American college baseball tournament

The 2004 Colonial Athletic Association baseball tournament was held at Brooks Field in Wilmington, North Carolina, from May 26 through 29. The event determined the champion of the Colonial Athletic Association for the 2004 season. Second-seeded won the tournament for the first time and earned the CAA's automatic bid to the 2004 NCAA Division I baseball tournament.

Entering the event, former member East Carolina had won the most championships, with seven. Among active members, Old Dominion led with three titles while George Mason and VCU had each won twice and William & Mary had won once.

==Format and seeding==
The top six teams from the CAA's round-robin regular season qualified for the tournament. Teams were seeded by conference winning percentage. They played a double-elimination tournament.
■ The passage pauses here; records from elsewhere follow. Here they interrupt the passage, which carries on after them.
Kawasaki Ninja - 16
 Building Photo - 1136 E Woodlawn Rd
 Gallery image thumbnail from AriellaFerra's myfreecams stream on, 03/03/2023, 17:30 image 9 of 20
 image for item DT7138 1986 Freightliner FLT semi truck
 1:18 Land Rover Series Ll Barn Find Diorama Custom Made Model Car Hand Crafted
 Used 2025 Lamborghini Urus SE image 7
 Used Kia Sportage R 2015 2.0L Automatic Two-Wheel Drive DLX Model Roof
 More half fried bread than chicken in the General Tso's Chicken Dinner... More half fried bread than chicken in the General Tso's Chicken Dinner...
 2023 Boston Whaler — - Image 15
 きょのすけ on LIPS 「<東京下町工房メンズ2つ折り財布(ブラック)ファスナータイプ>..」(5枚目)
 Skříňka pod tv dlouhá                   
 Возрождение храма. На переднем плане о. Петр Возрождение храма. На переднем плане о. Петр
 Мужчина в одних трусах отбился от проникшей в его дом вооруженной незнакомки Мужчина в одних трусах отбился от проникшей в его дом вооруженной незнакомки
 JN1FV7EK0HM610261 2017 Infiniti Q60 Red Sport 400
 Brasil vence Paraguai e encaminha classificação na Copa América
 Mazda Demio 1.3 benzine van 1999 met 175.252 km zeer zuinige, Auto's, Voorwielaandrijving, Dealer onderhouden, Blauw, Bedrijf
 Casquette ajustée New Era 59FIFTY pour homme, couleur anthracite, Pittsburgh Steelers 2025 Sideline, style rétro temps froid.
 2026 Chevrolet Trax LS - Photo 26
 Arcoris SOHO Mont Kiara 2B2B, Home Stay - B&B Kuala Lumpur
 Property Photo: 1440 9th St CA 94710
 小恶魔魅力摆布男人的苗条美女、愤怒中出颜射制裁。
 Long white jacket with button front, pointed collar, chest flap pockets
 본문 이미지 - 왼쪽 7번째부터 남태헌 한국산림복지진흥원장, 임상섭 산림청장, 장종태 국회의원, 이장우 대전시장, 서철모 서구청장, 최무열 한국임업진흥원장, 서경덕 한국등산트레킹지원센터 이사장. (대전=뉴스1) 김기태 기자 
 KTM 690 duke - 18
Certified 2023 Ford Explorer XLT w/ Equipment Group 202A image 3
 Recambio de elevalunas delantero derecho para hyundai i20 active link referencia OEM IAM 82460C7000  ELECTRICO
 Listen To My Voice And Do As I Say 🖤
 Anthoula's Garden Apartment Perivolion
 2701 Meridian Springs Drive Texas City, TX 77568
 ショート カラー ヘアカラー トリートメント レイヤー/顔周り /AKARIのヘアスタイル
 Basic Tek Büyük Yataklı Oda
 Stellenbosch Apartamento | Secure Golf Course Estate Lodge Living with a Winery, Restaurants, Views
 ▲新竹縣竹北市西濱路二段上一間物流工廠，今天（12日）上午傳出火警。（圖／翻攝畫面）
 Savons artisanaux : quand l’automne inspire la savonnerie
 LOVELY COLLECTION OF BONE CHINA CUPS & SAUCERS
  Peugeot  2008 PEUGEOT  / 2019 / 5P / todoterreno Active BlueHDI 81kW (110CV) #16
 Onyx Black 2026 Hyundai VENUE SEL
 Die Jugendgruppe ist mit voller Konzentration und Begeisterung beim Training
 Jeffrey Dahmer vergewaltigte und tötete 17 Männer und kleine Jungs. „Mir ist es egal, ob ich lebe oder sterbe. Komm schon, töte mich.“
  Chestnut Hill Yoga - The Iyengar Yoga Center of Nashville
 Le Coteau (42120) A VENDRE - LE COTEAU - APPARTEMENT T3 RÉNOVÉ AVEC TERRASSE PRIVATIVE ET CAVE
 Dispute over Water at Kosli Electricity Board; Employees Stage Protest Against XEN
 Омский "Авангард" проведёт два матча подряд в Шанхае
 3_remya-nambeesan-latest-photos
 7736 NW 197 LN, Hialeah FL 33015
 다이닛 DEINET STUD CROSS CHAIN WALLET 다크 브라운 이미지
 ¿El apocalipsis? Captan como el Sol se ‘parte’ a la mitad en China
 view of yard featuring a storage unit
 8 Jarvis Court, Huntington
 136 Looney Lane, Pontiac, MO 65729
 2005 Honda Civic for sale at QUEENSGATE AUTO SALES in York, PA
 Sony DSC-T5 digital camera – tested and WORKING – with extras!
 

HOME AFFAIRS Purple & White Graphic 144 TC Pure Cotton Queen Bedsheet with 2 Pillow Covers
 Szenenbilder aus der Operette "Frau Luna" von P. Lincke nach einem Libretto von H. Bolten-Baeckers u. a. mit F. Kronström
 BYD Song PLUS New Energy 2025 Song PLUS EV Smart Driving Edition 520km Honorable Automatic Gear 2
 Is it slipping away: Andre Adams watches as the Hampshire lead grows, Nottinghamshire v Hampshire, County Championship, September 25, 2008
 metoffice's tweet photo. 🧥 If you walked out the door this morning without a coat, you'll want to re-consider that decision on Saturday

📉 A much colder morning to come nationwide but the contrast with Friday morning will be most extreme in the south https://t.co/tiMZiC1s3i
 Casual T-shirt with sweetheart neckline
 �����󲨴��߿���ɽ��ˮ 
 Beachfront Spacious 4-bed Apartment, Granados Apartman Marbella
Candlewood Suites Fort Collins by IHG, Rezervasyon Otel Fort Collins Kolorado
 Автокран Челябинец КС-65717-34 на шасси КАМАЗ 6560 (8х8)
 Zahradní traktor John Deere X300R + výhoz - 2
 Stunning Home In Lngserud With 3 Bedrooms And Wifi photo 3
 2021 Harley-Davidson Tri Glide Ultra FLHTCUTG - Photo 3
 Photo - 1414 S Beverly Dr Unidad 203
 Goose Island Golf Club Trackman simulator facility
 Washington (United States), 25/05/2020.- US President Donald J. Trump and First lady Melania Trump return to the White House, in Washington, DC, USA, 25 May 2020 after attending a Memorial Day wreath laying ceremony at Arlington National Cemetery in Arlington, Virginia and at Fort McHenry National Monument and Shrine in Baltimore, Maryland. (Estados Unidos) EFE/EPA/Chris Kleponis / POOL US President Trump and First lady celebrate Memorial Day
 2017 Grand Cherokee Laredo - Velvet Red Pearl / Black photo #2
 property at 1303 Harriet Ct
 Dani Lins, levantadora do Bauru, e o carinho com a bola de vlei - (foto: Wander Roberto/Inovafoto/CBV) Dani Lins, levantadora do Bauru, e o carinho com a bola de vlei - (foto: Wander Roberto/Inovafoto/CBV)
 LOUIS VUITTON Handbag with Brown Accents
| Team | W | L | Pct. | GB | Seed |
|---|---|---|---|---|---|
| George Mason | 20 | 4 | .833 | — | 1 |
| UNC Wilmington | 17 | 6 | .739 | 2.5 | 2 |
| William & Mary | 14 | 10 | .583 | 6 | 3 |
| VCU | 14 | 10 | .583 | 6 | 4 |
| Old Dominion | 13 | 11 | .542 | 7 | 5 |
| Delaware | 12 | 11 | .522 | 7.5 | 6 |
| James Madison | 8 | 16 | .333 | 12 | — |
| Towson | 6 | 18 | .250 | 14 | — |
| Hofstra | 3 | 21 | .125 | 17 | — |

==All-Tournament Team==
The following players were named to the All-Tournament Team.

| Name | Team |
|---|---|
| Bruce Baldwin | George Mason |
| Jarame Beaupre | Delaware |
| Brock Donovan | Delaware |
| Chip Grawey | UNC Wilmington |
| Ronald Hill | UNC Wilmington |
| Mike Mihalik | Delaware |
| Jeff Moore | UNC Wilmington |
| Jeff Palumbo | George Mason |
| Matt Poulk | UNC Wilmington |
| Tim Preston | UNC Wilmington |
| Scott Rambo | Delaware |
| Scott Sizemore | VCU |
| Brian Valichka | Delaware |

===Most Valuable Player===
Matt Poulk was named Tournament Most Valuable Player. Poulk was a third baseman for UNC Wilmington.